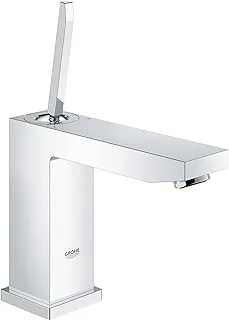 GROHE Eurocube Joy Basin mixer 1/2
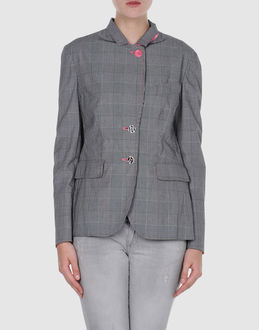 MOSCHINO CHEAPANDCHIC - CAPISPALLA - Giacche - su YOOX.COM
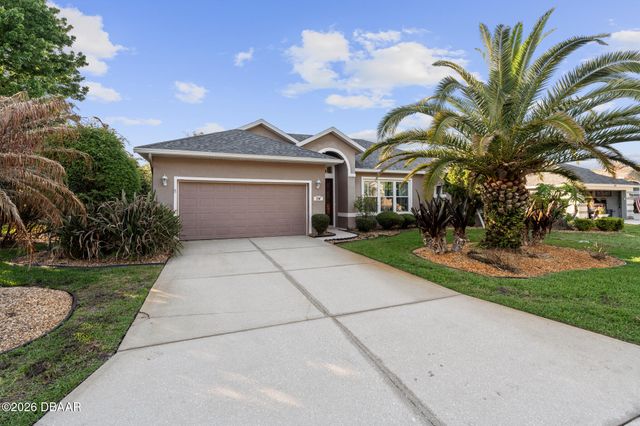 94 Bay Lake Drive, Ormond Beach, FL 32174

Your task: Write out an exact copy of the lines beginning at the line that contains "MOSCHINO CHEAPANDCHIC - CAPISPALLA" and ending at the last line of the listing. Exclude pictures.

Output below:
 MOSCHINO CHEAPANDCHIC - CAPISPALLA - Giacche - su YOOX.COM
 94 Bay Lake Drive, Ormond Beach, FL 32174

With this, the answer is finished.